But really something like this needs to works universally with whatever services I choose but that would need these services all to work together. And not a chance in hell of that ever happening!
The UI is basically a final project for a graduate CS class in speech recognition. You could cobble it together out of free software like CMU Sphinx. Then just use it to drive each service separately.
Hell, I could have done pretty much all this stuff in the late '90s with a copy of OS/2 Warp Connect1 and some www3 scripting. There's no magic here.

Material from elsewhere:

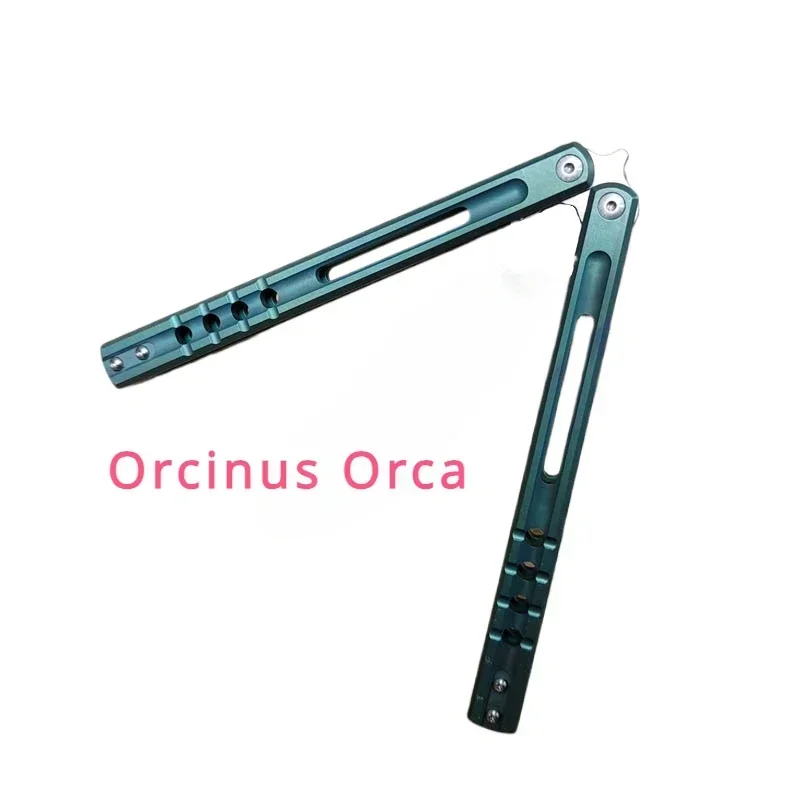 Paodin Orcinus Orca Кит Сэндвич Титановая ручка D2 Система подшипников лезвия EDC Инструмент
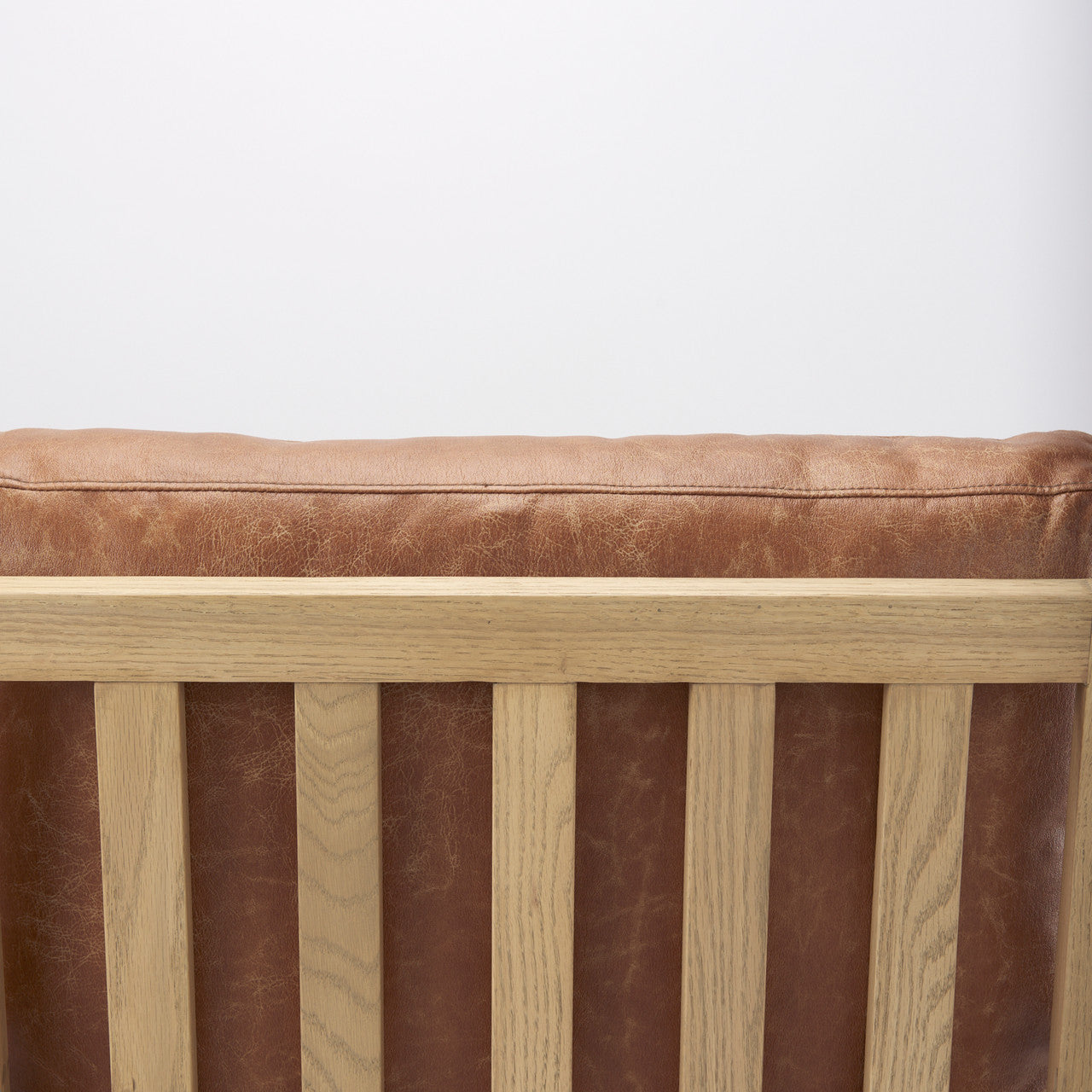 Raeleigh Tan Faux Leather Accent Chair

If it's not in your wheelhouse, wander down to the nearest university with a CS grad program and see if they have any SR or NLP courses. Then see if you can talk a couple students in one of those courses into helping you build the system. If you want remote "cloud" processing for some reason, it's easy enough to spin up a little AWS instance, and S3 is cheap. Once you have the UI, it's just a matter of learning to drive the web APIs for the services of your choice. My undergrad web design students all managed to do that, and they were all professional-writing majors (so mostly not very technical).
1And I have one, still shrinkwrapped, in the basement. Alas, none of the VM supervisors or hypervisors support OS/22, and I don't have a spare machine to dedicate to it.
2For good technical reasons. There was an article in CACM a while back by some of the original VMWare developers that went into it a bit. Basically the OS/2 kernel did some obscure things that weren't worth a lot of extra development effort to support. (There's a right way, a wrong way, and an IBM way.)
3I don't think curl or wget had been written in the late '90s. Too lazy to check.